What to do -
Of all the lines below, output only those starting at the one with "Product Thumbnail Image 7 of 9" and ending at the one with "Therma-Tek 30406-02 12", both ends included, exactly as written.

** Opening Data for review block **

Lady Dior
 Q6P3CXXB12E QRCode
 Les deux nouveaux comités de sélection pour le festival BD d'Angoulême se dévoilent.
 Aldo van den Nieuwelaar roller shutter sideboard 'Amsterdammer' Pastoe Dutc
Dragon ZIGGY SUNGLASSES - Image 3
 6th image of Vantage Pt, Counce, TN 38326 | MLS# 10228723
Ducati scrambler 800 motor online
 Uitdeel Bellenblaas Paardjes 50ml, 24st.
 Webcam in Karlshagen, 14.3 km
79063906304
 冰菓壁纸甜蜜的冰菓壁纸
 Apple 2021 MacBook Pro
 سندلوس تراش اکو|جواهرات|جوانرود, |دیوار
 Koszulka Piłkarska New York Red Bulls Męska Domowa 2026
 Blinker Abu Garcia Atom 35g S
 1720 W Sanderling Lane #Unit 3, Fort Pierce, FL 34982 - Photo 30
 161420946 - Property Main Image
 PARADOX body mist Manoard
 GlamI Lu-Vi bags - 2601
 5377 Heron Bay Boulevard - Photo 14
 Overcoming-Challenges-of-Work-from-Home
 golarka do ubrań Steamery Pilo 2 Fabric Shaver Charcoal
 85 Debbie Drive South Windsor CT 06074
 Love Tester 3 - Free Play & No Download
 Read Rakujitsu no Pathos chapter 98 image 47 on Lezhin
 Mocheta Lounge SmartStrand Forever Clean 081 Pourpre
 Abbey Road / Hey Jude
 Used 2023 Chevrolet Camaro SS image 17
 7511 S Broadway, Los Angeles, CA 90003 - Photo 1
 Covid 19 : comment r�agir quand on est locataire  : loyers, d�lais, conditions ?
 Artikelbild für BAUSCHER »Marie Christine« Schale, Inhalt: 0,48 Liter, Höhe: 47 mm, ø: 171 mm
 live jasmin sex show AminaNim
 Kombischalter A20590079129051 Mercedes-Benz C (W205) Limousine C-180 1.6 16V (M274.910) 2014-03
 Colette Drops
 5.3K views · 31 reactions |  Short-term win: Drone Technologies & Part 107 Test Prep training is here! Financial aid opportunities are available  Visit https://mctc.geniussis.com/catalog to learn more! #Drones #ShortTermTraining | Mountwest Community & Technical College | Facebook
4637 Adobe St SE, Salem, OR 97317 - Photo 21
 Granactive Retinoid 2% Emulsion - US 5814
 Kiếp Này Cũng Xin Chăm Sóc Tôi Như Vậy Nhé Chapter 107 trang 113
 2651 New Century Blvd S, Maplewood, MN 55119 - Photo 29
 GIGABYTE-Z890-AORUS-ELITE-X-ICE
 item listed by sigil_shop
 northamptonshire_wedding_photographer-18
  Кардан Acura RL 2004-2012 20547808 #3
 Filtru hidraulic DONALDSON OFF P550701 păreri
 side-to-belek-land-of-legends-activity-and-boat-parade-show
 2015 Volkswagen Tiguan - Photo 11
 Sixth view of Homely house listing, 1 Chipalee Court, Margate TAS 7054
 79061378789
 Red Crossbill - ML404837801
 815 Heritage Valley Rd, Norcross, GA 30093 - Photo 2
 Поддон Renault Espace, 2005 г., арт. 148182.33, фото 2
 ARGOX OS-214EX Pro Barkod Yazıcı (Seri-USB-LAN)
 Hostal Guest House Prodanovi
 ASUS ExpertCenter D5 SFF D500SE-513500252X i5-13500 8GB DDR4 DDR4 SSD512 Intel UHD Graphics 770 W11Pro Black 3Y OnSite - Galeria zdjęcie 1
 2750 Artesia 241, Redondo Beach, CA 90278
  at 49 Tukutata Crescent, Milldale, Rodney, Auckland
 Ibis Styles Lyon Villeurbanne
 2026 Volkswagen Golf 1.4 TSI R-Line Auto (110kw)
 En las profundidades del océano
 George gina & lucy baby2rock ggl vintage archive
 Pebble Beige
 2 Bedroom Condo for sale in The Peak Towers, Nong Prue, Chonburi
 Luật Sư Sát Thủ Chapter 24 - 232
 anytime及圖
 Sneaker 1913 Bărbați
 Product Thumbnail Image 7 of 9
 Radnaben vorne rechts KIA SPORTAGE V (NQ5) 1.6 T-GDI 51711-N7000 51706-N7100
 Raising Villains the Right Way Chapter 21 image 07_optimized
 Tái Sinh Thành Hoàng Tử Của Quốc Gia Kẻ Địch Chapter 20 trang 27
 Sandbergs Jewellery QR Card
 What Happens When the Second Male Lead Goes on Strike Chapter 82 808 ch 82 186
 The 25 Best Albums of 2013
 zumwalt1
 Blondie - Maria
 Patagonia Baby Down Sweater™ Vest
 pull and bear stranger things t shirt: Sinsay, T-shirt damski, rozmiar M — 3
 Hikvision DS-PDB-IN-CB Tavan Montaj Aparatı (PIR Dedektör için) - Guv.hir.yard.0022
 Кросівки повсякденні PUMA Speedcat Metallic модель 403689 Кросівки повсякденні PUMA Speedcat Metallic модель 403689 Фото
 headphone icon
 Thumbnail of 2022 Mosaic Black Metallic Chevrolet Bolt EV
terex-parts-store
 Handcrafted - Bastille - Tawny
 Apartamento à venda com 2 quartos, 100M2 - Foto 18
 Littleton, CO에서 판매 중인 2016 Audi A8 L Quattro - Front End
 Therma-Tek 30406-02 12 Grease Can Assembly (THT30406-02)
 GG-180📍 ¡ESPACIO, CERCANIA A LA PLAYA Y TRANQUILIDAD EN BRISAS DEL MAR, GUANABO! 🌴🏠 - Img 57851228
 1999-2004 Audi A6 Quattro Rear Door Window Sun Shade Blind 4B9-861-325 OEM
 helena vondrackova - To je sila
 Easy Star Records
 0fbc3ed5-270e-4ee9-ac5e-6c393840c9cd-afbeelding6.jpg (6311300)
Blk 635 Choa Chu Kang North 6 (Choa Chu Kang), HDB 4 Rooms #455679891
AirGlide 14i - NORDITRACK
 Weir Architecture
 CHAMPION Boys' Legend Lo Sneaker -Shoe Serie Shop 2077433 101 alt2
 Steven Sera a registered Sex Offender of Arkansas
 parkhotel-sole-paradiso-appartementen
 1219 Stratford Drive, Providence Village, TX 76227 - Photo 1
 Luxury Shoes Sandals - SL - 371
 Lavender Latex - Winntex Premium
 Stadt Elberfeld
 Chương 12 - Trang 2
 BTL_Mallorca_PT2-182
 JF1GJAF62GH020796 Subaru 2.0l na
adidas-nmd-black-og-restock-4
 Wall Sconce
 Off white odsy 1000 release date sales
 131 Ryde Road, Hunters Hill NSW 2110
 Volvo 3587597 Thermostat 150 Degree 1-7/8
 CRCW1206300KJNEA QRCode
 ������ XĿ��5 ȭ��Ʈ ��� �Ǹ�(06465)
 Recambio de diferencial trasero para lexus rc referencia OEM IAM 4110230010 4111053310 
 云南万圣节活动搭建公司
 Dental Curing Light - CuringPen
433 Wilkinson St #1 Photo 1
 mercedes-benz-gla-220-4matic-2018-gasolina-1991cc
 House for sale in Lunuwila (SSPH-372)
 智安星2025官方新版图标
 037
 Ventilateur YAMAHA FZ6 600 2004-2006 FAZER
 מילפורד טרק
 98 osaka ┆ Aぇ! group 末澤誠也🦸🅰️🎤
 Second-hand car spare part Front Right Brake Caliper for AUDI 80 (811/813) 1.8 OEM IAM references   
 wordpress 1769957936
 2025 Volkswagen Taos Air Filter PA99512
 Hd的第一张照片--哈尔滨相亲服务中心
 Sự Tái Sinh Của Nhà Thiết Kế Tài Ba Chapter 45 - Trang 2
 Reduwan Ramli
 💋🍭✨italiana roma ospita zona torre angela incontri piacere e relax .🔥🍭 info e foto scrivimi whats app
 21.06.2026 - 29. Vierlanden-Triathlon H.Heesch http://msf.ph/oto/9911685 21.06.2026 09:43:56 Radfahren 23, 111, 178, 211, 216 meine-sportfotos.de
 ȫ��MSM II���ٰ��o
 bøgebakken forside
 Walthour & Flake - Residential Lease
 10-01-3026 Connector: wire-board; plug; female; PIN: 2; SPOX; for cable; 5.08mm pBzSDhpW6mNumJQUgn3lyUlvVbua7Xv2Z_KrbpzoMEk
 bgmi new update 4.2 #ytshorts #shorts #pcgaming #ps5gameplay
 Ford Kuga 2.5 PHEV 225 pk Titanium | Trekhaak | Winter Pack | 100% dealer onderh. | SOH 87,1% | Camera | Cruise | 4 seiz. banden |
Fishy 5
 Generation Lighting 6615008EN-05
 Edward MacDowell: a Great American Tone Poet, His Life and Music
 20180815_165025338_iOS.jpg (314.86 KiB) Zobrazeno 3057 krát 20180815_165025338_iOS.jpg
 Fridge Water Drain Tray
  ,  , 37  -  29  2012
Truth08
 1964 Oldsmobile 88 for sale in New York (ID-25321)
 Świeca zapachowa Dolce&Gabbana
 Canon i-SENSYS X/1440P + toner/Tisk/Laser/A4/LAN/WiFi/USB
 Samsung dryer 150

** Closing Data for review block **

Exercise solution -
 Product Thumbnail Image 7 of 9
 Radnaben vorne rechts KIA SPORTAGE V (NQ5) 1.6 T-GDI 51711-N7000 51706-N7100
 Raising Villains the Right Way Chapter 21 image 07_optimized
 Tái Sinh Thành Hoàng Tử Của Quốc Gia Kẻ Địch Chapter 20 trang 27
 Sandbergs Jewellery QR Card
 What Happens When the Second Male Lead Goes on Strike Chapter 82 808 ch 82 186
 The 25 Best Albums of 2013
 zumwalt1
 Blondie - Maria
 Patagonia Baby Down Sweater™ Vest
 pull and bear stranger things t shirt: Sinsay, T-shirt damski, rozmiar M — 3
 Hikvision DS-PDB-IN-CB Tavan Montaj Aparatı (PIR Dedektör için) - Guv.hir.yard.0022
 Кросівки повсякденні PUMA Speedcat Metallic модель 403689 Кросівки повсякденні PUMA Speedcat Metallic модель 403689 Фото
 headphone icon
 Thumbnail of 2022 Mosaic Black Metallic Chevrolet Bolt EV
terex-parts-store
 Handcrafted - Bastille - Tawny
 Apartamento à venda com 2 quartos, 100M2 - Foto 18
 Littleton, CO에서 판매 중인 2016 Audi A8 L Quattro - Front End
 Therma-Tek 30406-02 12 Grease Can Assembly (THT30406-02)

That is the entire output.